Let X follow a normal distribution with a mean of 0.3 and a standard deviation (SD) of 1, denoting as X ~ N (0.3,1). We generate 100 such random samples to represent the current data and certain numbers of additional random samples for the external data with varying means. The cap of borrowing from the external data is set at 50. The hypothesis test is:

$${H}_{0}: \mu \le 0 vs. {H}_{1}: \mu >0,$$

where $\mu$ is the population mean. The nominal significance level is set at one-sided 0.025. To evaluate the type I error of the above scheme, let the mean for the current data to be 0, the mean for the historical data to vary from 0.1 to 0.6, which is a moderate range in comparison with the SD of 1. For power evaluation, the mean of the current data is set at 0.3. To put things into perspective, the statistical powers are 85% and 95% with a total sample size of 100 and 150 respectively at the mean value of 0.3 with a frequentist design (without borrowing). The simulations were conducted with runs of 20,000 for type I error and 5,000 runs for power.

The first type of simulation is to discount the external data only through the I² statistic as described in the method section. Once the external data have been discounted, to test the hypothesis test in (3), the normal conjugate for the location parameter is used to combine the two sources of data. This method is denoted as the CJGI2 (Conjugate plus I²) scheme. The external data are randomly generated given a specific mean with a SD of 1. Of note, for a binary endpoint, the beta-binomial conjugate could be used.

Table 1

Type I error and power for the CJGI2 scheme with varying external means
Total external data points		Mean for external data
Total external data points		0.1	0.2	0.3	0.4	0.5	0.6
50	Type I error	0.079	0.094	0.106	0.085	0.062	0.042
	Power	0.873	0.912	0.928	0.925	0.889	0.886
500	Type I error	0.051	0.116	0.147	0.088	0.040	0.031
	Power	0.849	0.938	0.971	0.921	0.880	0.865
2000	Type I error	0.052	0.108	0.158	0.084	0.036	0.032
	Power	0.870	0.950	0.969	0.923	0.891	0.869

As one can see, for different amount of external data, the type I error control is generally reasonable. The type I error is relatively higher near the mean of 0.3 for external data, going down in both directions. This is because at the mean value of 0.3 for external data, the strength against the null of mean at 0 is relatively strong and the borrowing is not heavily discounted due to the moderate disagreement between 0 and 0.3. Toward the lower side of the external means, though the borrowing is more, it is offset by weaker evidence against 0. Toward the higher side, the stronger evidence against 0 is offset by heavy discounting due to the stronger disagreement. The amount of total external data may also interplay with the type I error control and power performance as it influences the stability of the estimates of the mean and variance for the complete set of the external data.

The second type of simulation is to discount the external data by leveraging both the I² statistic and the heterogeneity p-value also described in the method section. This method is denoted as the CJGI2PV scheme. The external data are also randomly generated given a specific mean with a SD of 1.

Table 2

Type I error and power for the CJGI2PV scheme with varying external means
Total external data points		Mean for external data
Total external data points		0.1	0.2	0.3	0.4	0.5	0.6
50	Type I error	0.060	0.071	0.076	0.058	0.048	0.034
	Power	0.864	0.882	0.917	0.915	0.902	0.868
500	Type I error	0.052	0.089	0.093	0.058	0.034	0.0285
	Power	0.854	0.922	0.946	0.918	0.894	0.872
2000	Type I error	0.050	0.092	0.097	0.059	0.036	0.026
	Power	0.868	0.932	0.961	0.943	0.902	0.865

Based on Table 2, one can see that incorporating the heterogeneity p-value into the discounting better controls the type I error without sacrificing much of the power.
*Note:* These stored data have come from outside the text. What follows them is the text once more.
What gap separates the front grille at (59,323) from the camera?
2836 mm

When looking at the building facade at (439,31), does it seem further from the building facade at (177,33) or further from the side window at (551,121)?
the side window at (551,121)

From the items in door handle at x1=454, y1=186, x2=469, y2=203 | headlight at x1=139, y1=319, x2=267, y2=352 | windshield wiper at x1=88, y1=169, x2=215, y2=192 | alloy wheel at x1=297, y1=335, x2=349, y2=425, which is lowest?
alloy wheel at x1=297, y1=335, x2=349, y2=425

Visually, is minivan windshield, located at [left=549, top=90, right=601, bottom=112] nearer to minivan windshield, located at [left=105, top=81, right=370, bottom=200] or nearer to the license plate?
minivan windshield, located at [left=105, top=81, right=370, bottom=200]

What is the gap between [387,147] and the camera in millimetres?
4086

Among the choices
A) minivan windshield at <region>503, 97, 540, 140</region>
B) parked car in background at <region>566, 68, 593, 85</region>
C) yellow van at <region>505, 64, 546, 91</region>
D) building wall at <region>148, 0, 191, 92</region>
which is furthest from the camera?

The operating characteristics of the CJGI2PV reflected in Table 2 is reasonably good as the Frequentist powers are 85% and 95% with a sample size of 100 and 150 respectively at the mean value of 0.3.

One may argue that in real-life situations, the external data are known, which means no variability. In Table 3, which is only performed for the CJGI2PV method, the external data are fixed at the specified mean with the standard deviation of 1. The results are similar to those in Table 2 with large number of external data points. As the mean and the standard deviation for the external data are fixed in Table 3, the random numbers do not need to be generated for the external data. In addition, the number of the varying total external data points no longer matters.

Table 3

Type I error and power for the CJGI2PV scheme with external mean and SD fixed
	Mean for External Data
	0.1	0.2	0.3	0.4	0.5	0.6
Type I error	0.053	0.095	0.105	0.058	0.035	0.031
Power	0.862	0.916	0.944	0.923	0.898	0.876

Under normal distribution, the ideal discount function should be associated with the disagreement of the location parameter adjusted by the variance. Putting the location difference and the variance together, a quality candidate to measure disagreement is the coefficient of variation (CV). Figure 1 generated by software R illustrates the inefficiency by using the I² statistic alone – the discount does not seem to exist for CV up to 1 due to its inertia to discount given the fair proximity of the two sources of data. On the other hand, the heterogeneity p-value from the meta-analysis discounts aggressively – approximately 70% of the external data has been discounted away at CV of 1. The discounting controlled by the average of the I² and heterogeneity p-value is more reasonable. In general, the discounting can be controlled by $w\times (1-{I}_{2})+(1-w)\times {p}_{h}$, where w varies between 0 and 1. For serious adverse events such as death, w should be chosen smaller to have more aggressive discount in case of disagreement. If the discount by the p-value is not yet sufficient, customized discount function more aggressive than the bottom curve in Fig. 1 may be warranted. Interestingly, the I² and p-value discount almost converge for large disagreement. The partnership between the I² and the p-value is not a serendipitous finding. Based on Fig. 1, as long as the discount function is connected to CV, which is a standardized and unified scale for disagreement, there is a wide class of discount functions to serve the clinical needs under specific contexts. In later examples, we will see that this I² and p-value combination works quite well without further fine tuning, though it may not hit the bull’s eye.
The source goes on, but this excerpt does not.